KUALA LUMPUR: Malaysian palm oil futures climbed for a second straight session on Monday, driven by surging export demand, while higher palm olein prices also lent support to the market.

The benchmark palm oil contract for November delivery on the Bursa Malaysia Derivatives Exchange gained 37 ringgit, or 0.82%, to 4,548 ringgit ($1,077.47) a metric ton by the midday break.

Crude palm oil rallied above 4,500 ringgit on the back of a recent surge in palm oil demand, said David Ng, a proprietary trader at Kuala Lumpur-based trading firm Iceberg X Sdn Bhd.

Cargo surveyors estimated that palm oil exports during August 1-15 rose between 16.5% and 21.3% from a month earlier.

“Palm prices today are also lifted by higher palm olein prices during Asian hours,” the trader said. Dalian’s most-active soyoil contract rose 0.23%, while its palm oil contract climbed 2%.

Soyoil prices on the Chicago Board of Trade were down 0.51%. Palm oil tracks price movements of rival edible oils, as it competes for a share of the global vegetable oils market.

Oil prices slipped as the United States did not exert more pressure on Russia to end the Ukraine war by implementing further measures to disrupt Russian oil exports after the presidents from both countries met on Friday.

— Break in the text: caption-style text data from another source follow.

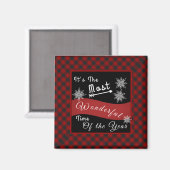 Most Wonderful time Magnet (Vorderseite/Rückseite)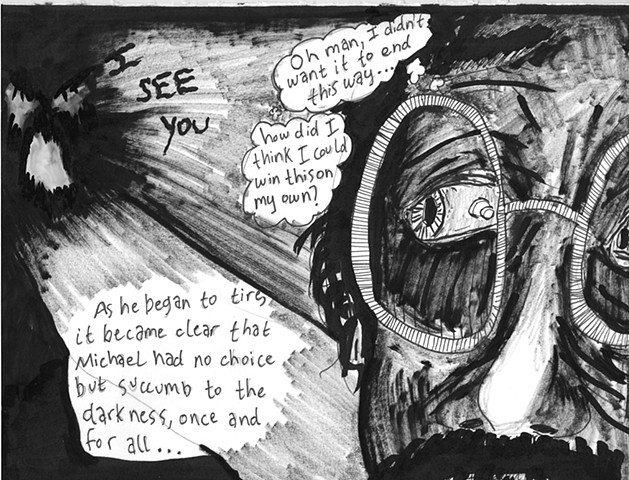 Envy the Dead, Uncompleted Graphic Novel Manuscript, Page 99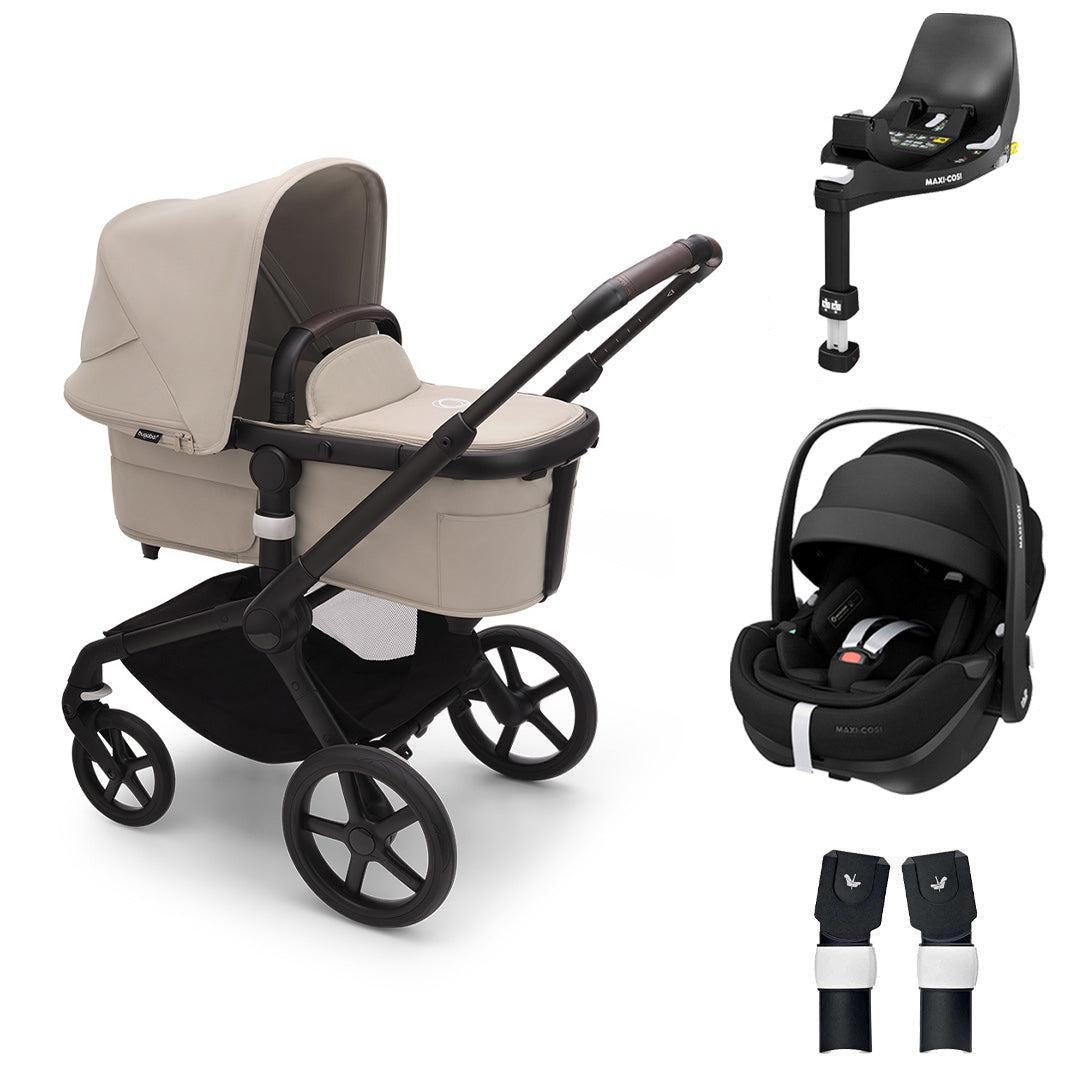 Bugaboo Fox 5 Complete Pushchair + Pebble 360/360 Pro Travel System - Desert Taupe-Travel Systems-Pebble 360 Pro Car Seat-Pebble 360 Base | Natural Baby Shower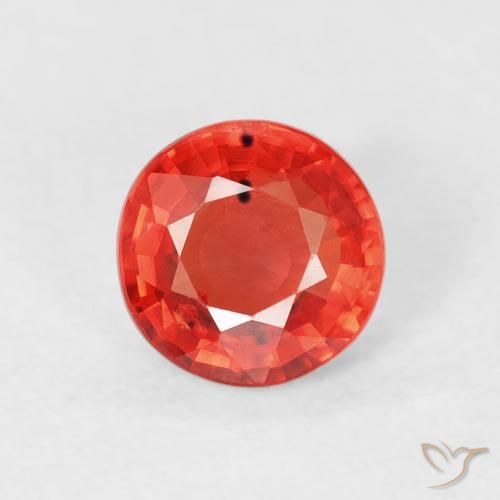 0.76ct Natürlicher Hellrot Saphir, Runden, VS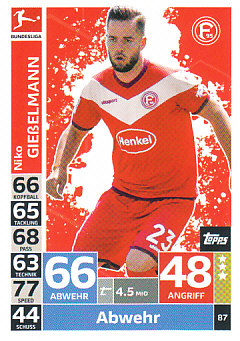 Niko Giesselmann Fortuna Dusseldorf 2018/19 Topps MA Bundesliga #87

Weaker crude oil futures make palm a less attractive option for biodiesel feedstock.

The ringgit, palm’s currency of trade, weakened 0.26% against the dollar, making the commodity cheaper for buyers holding foreign currencies.

Palm oil may test resistance at 4,509 ringgit per ton, a break above which could lead to a gain to into the 4,563 ringgit to 4,596 ringgit range, Reuters technical analyst Wang Tao said.